-------- TASK INPUT

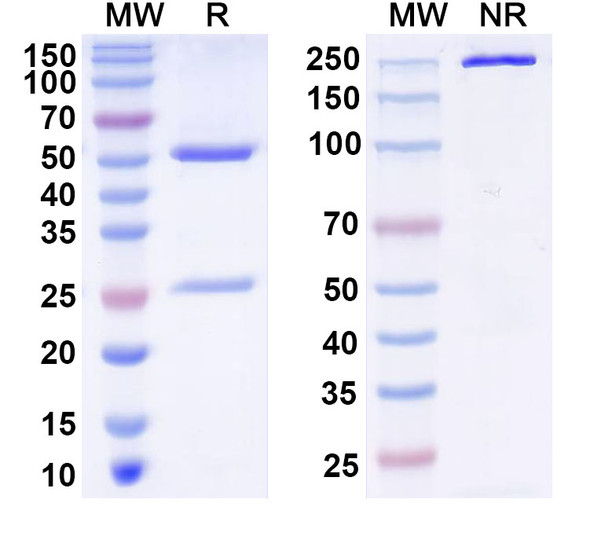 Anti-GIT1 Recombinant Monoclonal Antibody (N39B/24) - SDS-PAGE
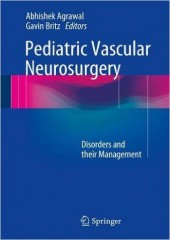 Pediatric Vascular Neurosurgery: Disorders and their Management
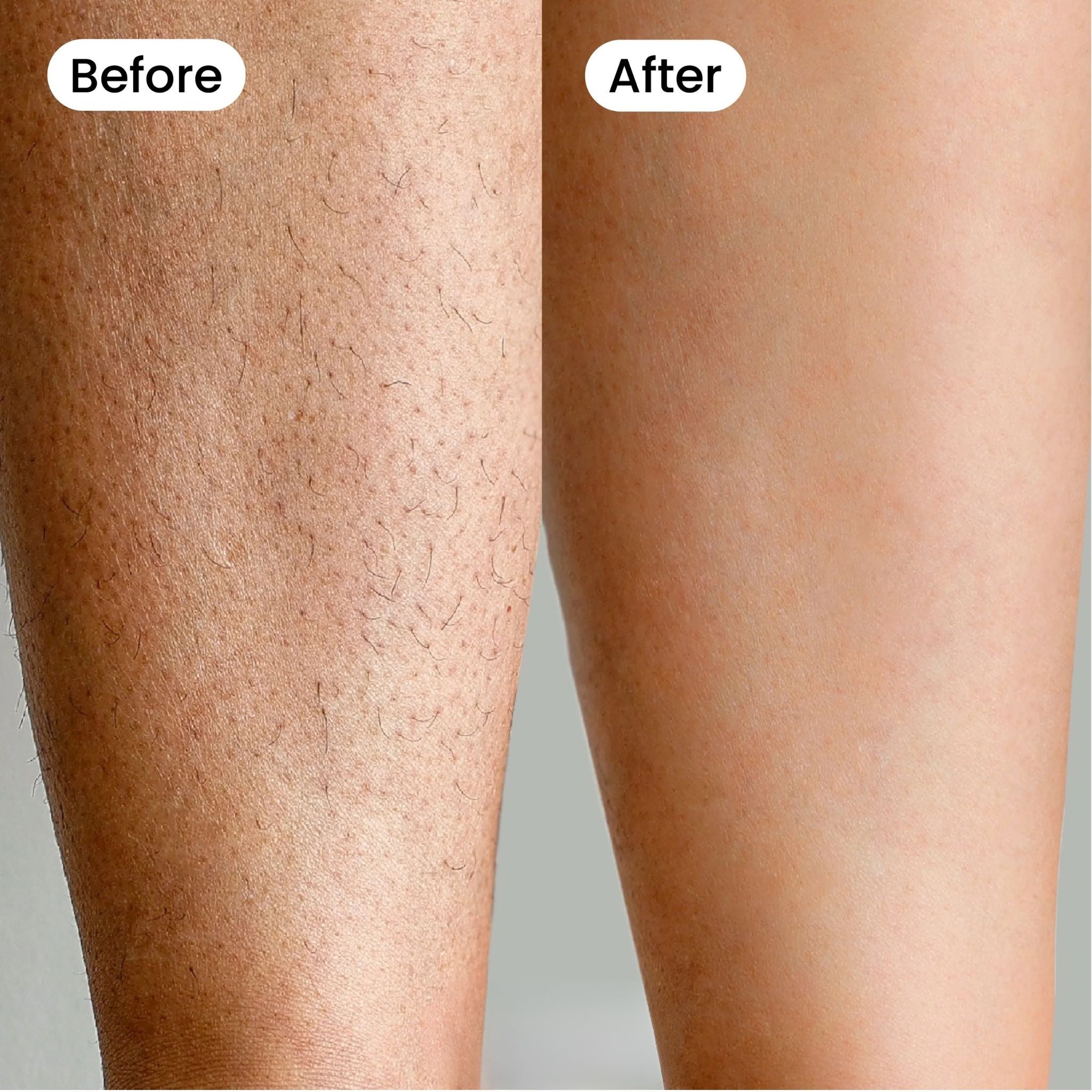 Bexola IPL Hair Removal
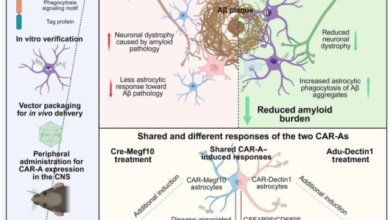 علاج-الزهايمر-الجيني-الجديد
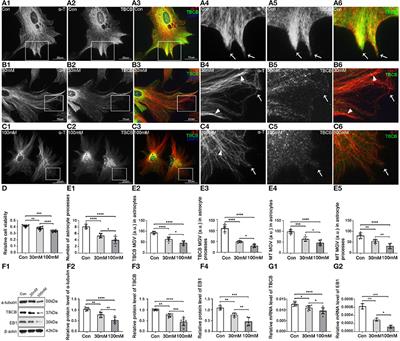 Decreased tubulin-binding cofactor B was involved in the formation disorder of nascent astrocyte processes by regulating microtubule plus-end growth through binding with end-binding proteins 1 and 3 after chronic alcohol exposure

----------------

WHAT IS REQUIRED: Please repeat, exactly as written, the lines in the records above, starting with the one that has "Pediatric Vascular Neurosurgery: Disorders" and going on through the one that has "علاج-الزهايمر-الجيني-الجديد". Pictures are to be left out.

TASK ANSWER:
 Pediatric Vascular Neurosurgery: Disorders and their Management
 Bexola IPL Hair Removal
 علاج-الزهايمر-الجيني-الجديد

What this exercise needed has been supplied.